### [AIM OF THE TASK]
Only the lines from the one containing "Reebok Pump TZ White Solar Acid Yellow" to the end of the data should be copied, exactly and without pictures.

(RECORD EXTRACTS)

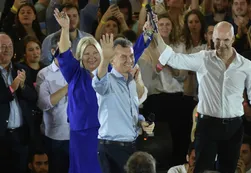 El nucleo central de la película de Macri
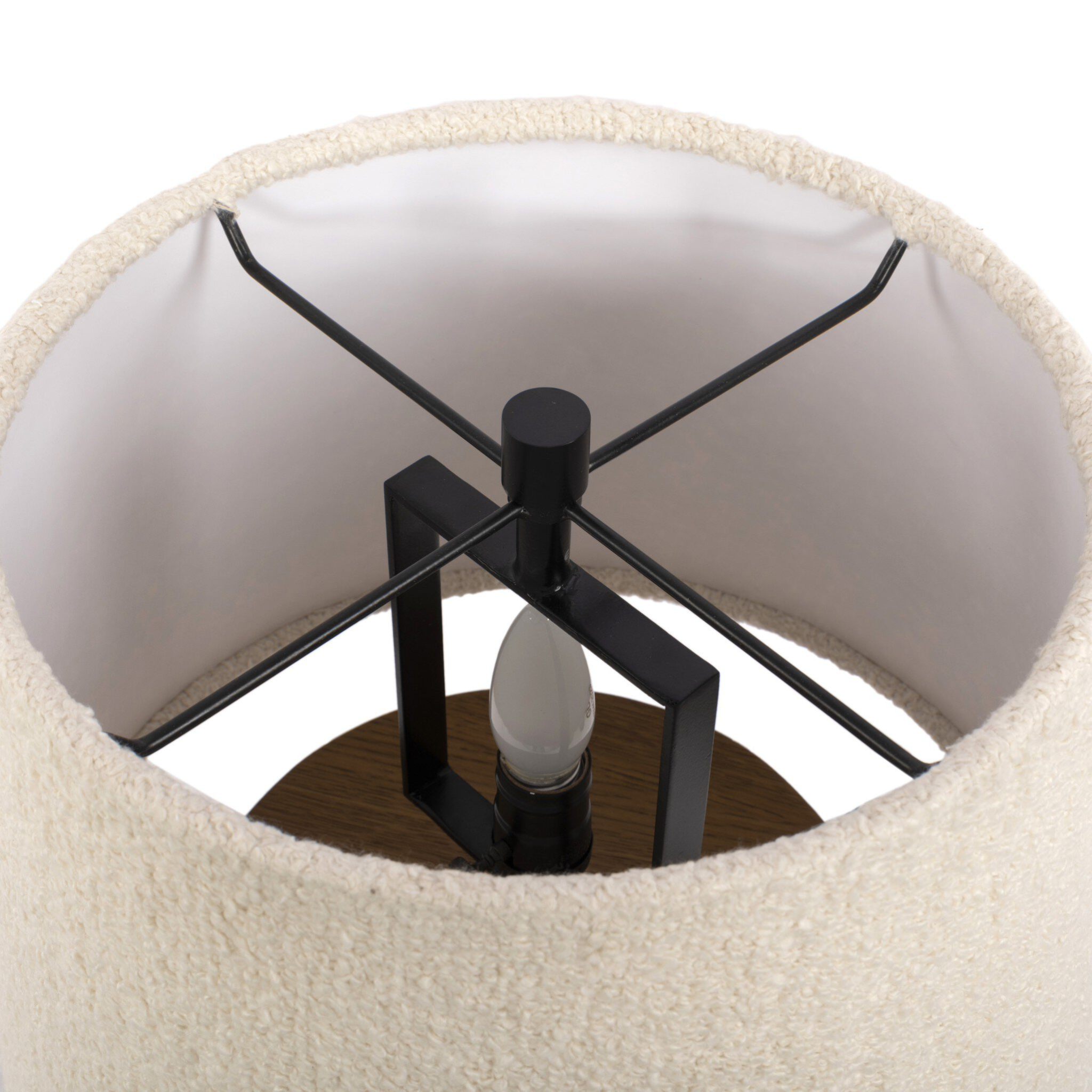 Harlow Table Lamp - Pure Salt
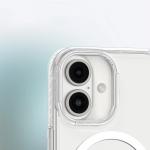 Husa Titan Pro Mag AmazingThing cu Magnetic Ring compatibila cu iPhone 16 Plus Transparent 12 - lerato.ro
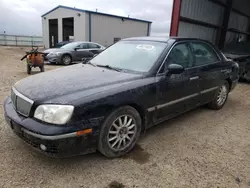 Hyundai salvage cars for sale: 2004 Hyundai XG 350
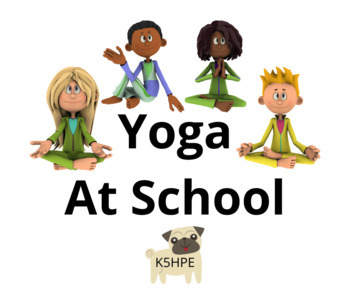 Preview of Yoga at School Bundle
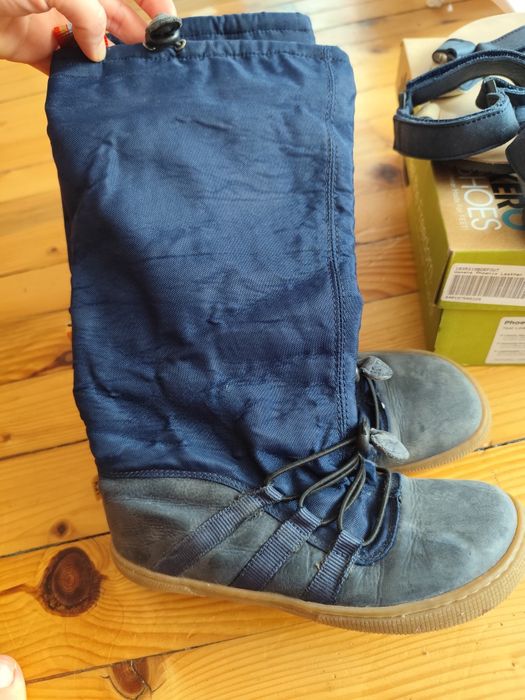 barefoot ботушки Koel Rana TEX Kids, 33н.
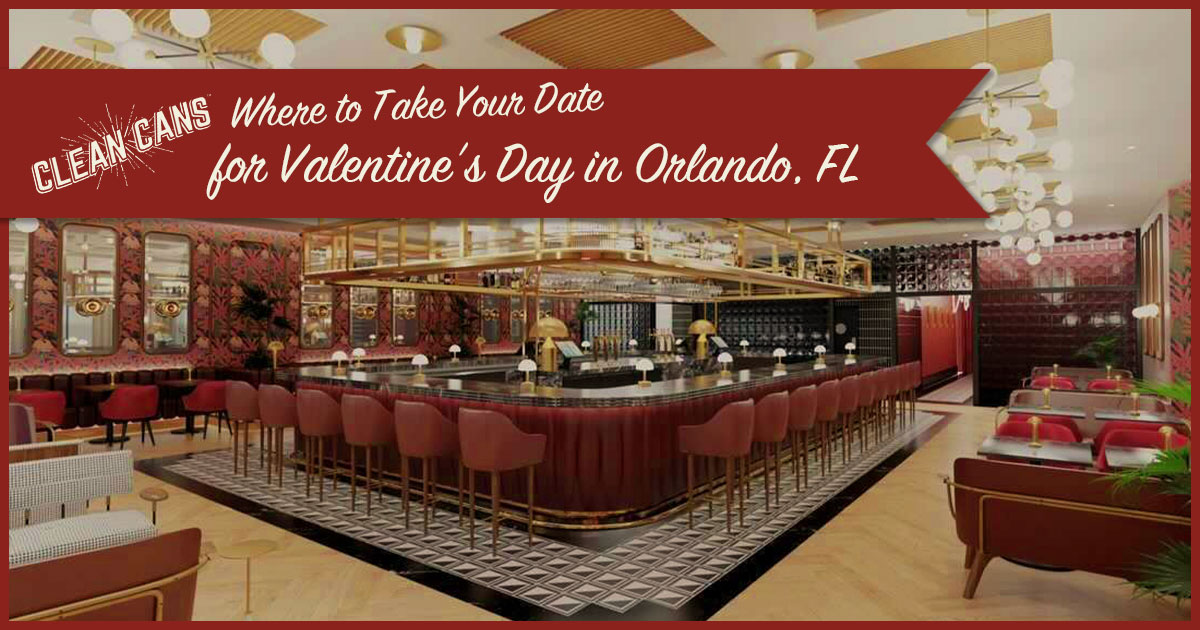 Featured image for “Where to Take Your Date for Valentine’s Day in Orlando, FL”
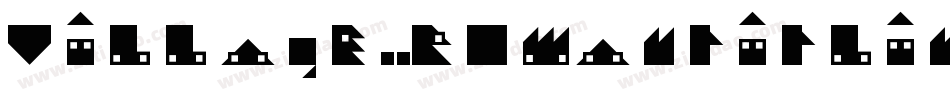 Village-RomanTitling字体转换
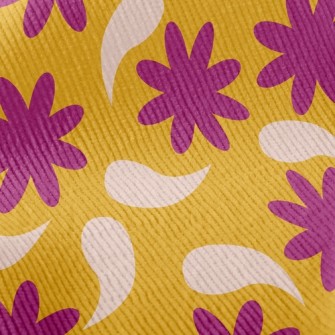 Cute Little Flower Braid Standard Corduroy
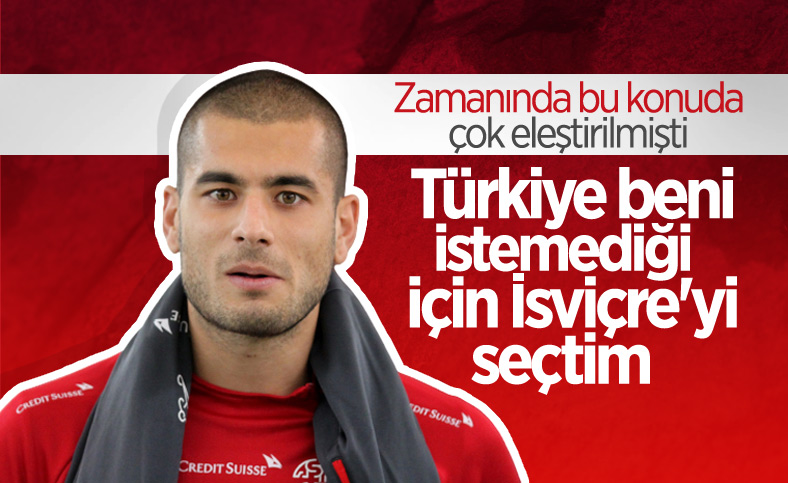 Eren Derdiyok'tan Türk Milli Takımı itirafı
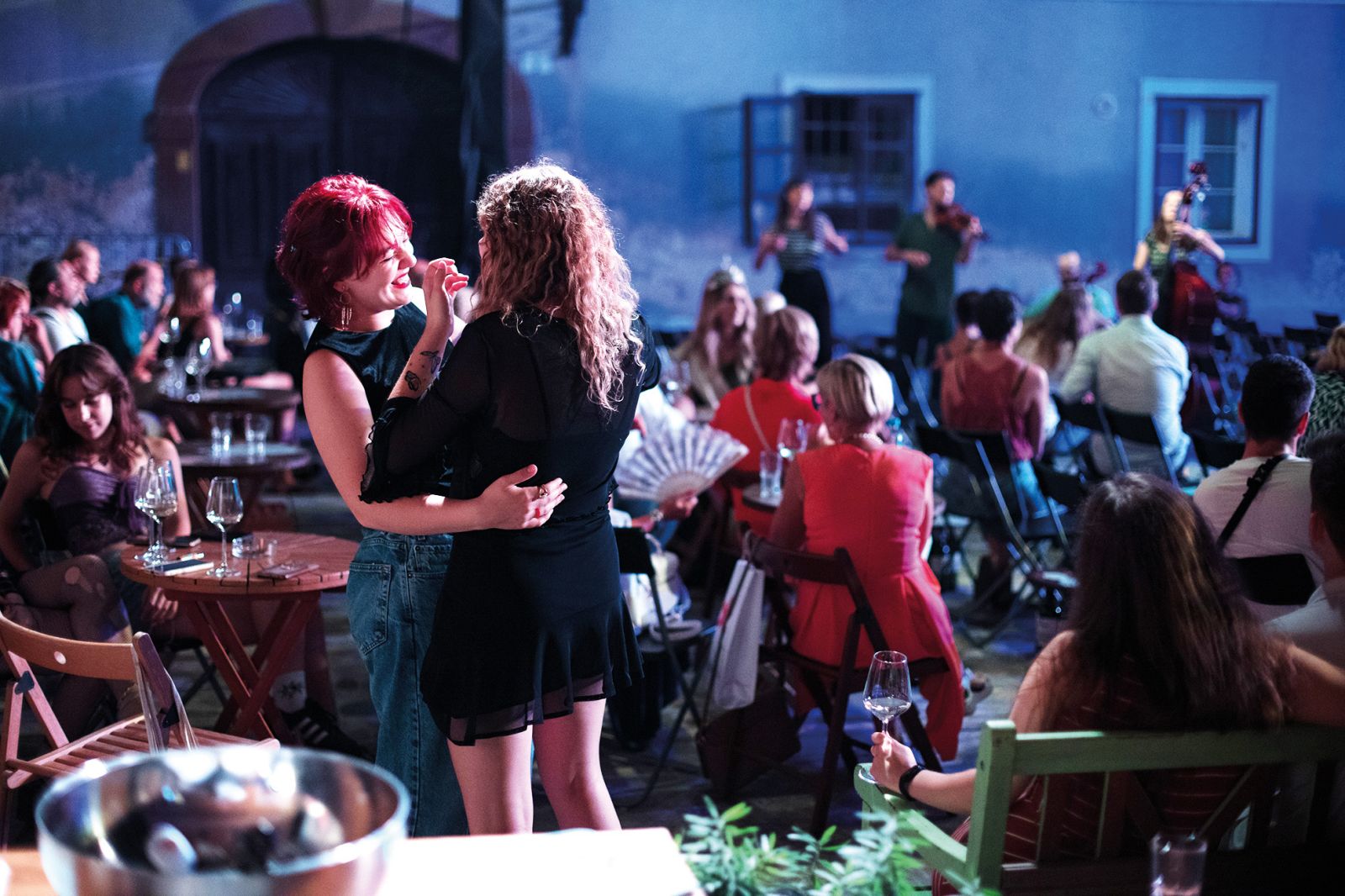 27. festival Dnevi poezije in vina, Ptuj: June in October, koncert | Matej Pušnik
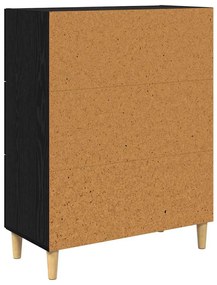 Széf Musta tammi 34 x 69,5 x 90 cm Faanyag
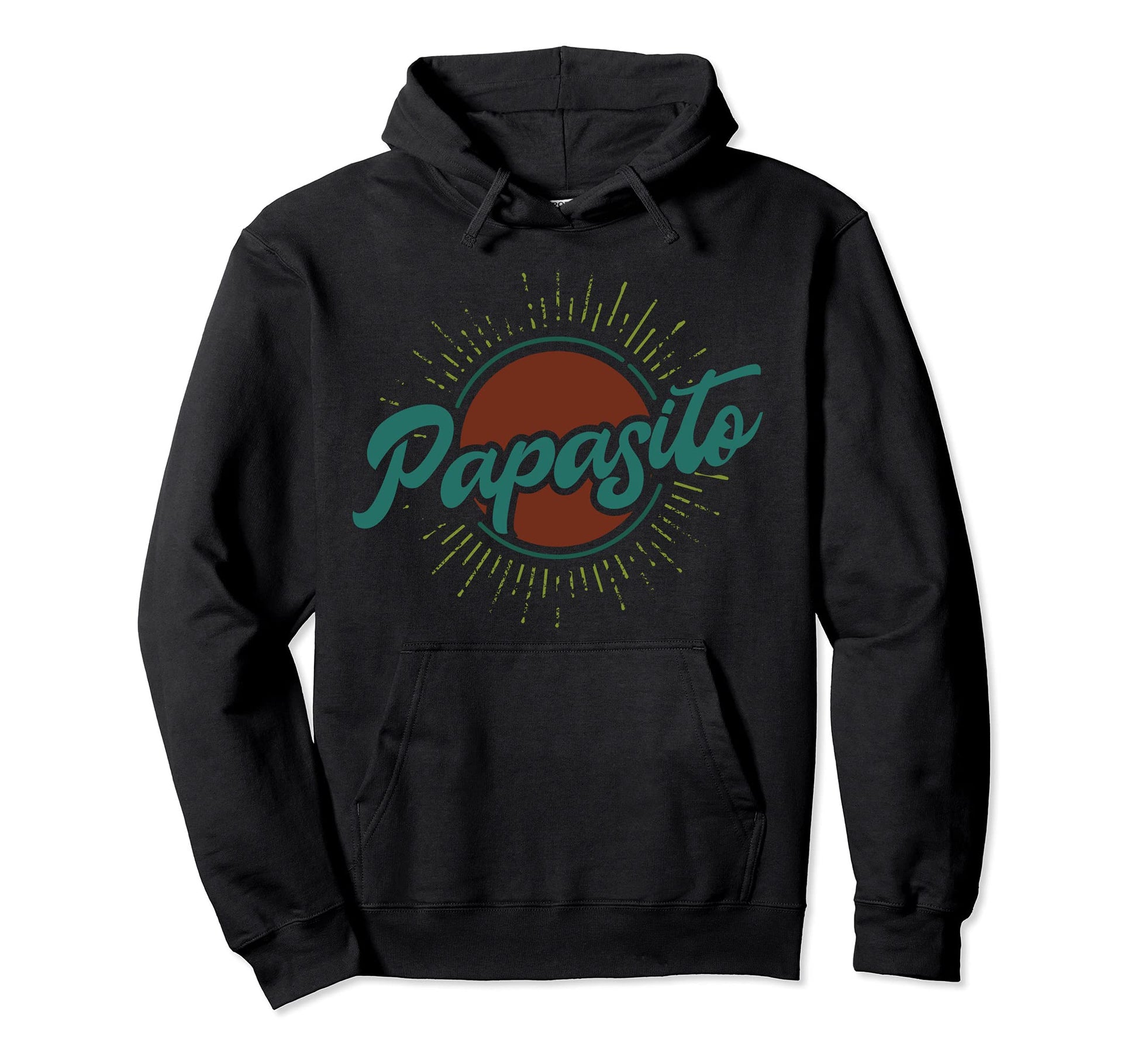 Best Dad Papasito Playera Mejor Papa Del Hoodie - Aesthetic Graphic Unisex - T-Shirt, Sweatshirt, Hoodie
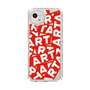 スリムプロテクションケース［ ARTA - sticker - two tone ］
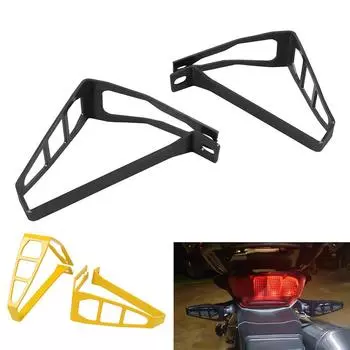 Для BMW R1200GS LC ADV R1250GS Adventure F850GS ADV F750GS Задний поворотник светодиодный фонарь кронштейн защитная крышка мотоцикла чёрный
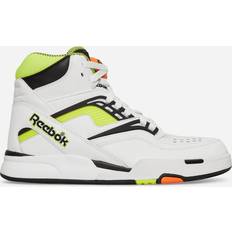 Reebok Pump TZ White Solar Acid Yellow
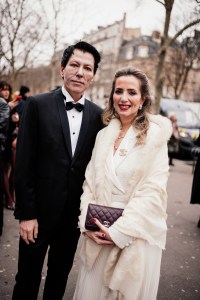 Street Style at Haute Couture Fashion Week Spring 2025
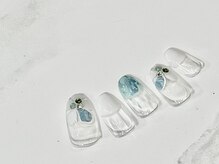 ラグウナ(Laguna)/フラワーネイル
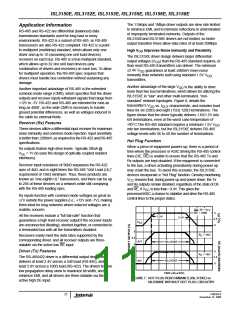 浏览型号ISL3152E的Datasheet PDF文件第11页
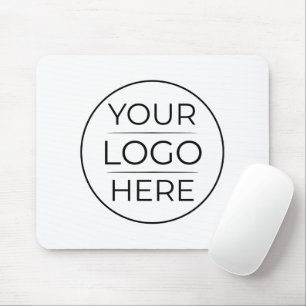 Mousepad Adicione Seu Logotipo Empresarial Simples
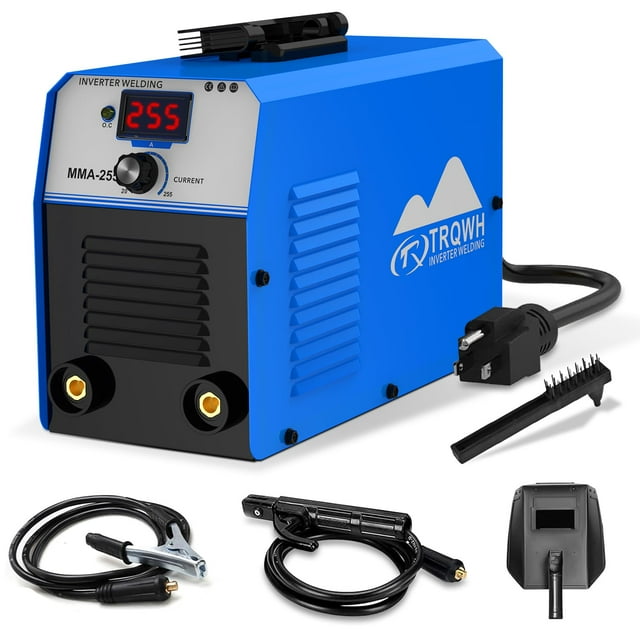 Máquina de soldar TRQWH 255A Stick Welder ARC 110V/220V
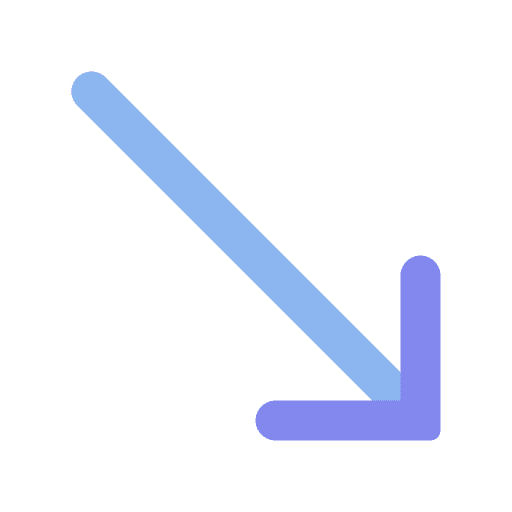 Diagonal direction up left top left icon Diagonal direction up left top left icon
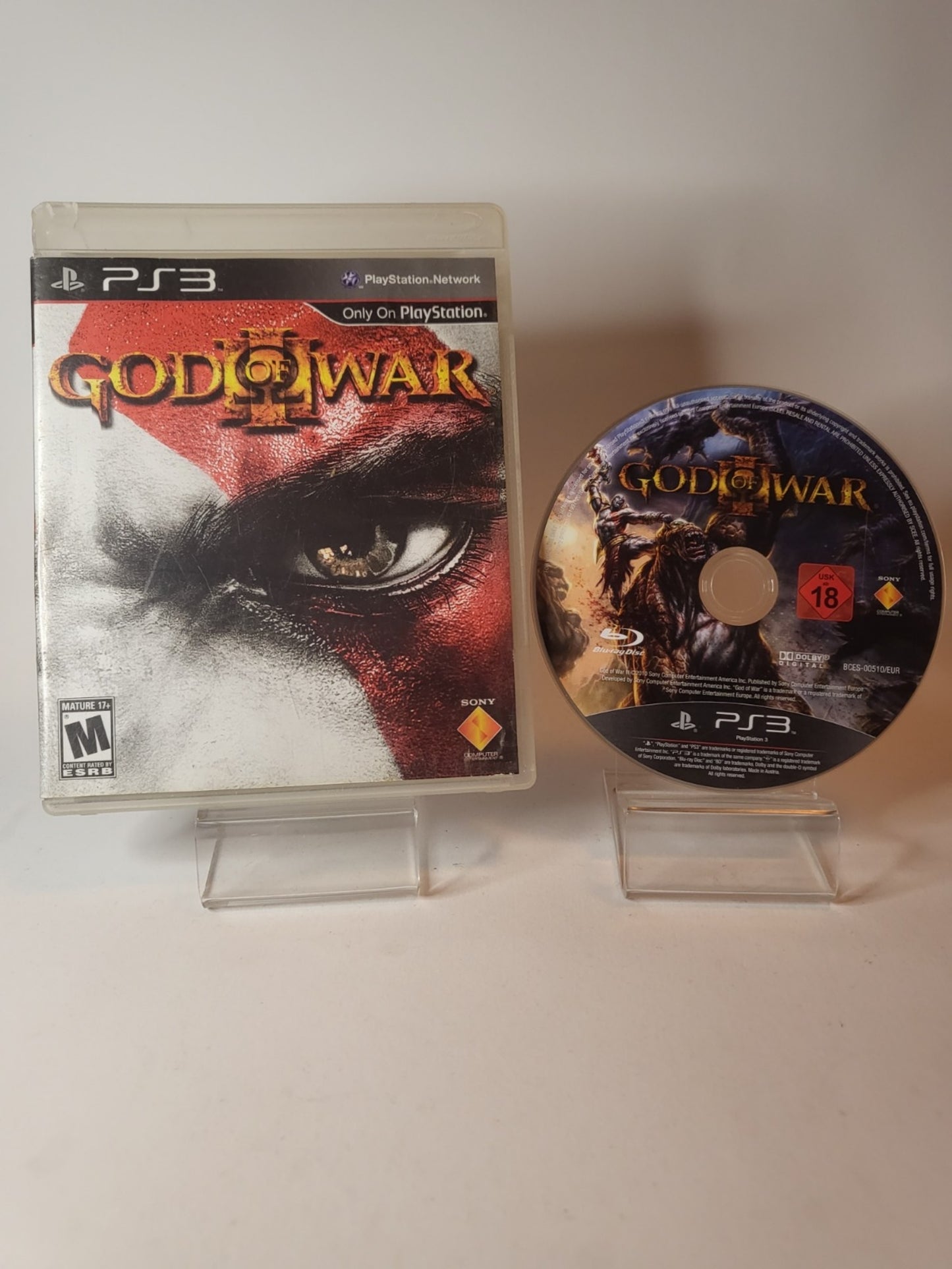 God of War III American Cover Playstation 3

(End RECORD EXTRACTS)

### [OUTPUT]
 Reebok Pump TZ White Solar Acid Yellow
 Street Style at Haute Couture Fashion Week Spring 2025
 ラグウナ(Laguna)/フラワーネイル
 浏览型号ISL3152E的Datasheet PDF文件第11页
 Mousepad Adicione Seu Logotipo Empresarial Simples
 Máquina de soldar TRQWH 255A Stick Welder ARC 110V/220V
 Diagonal direction up left top left icon Diagonal direction up left top left icon
 God of War III American Cover Playstation 3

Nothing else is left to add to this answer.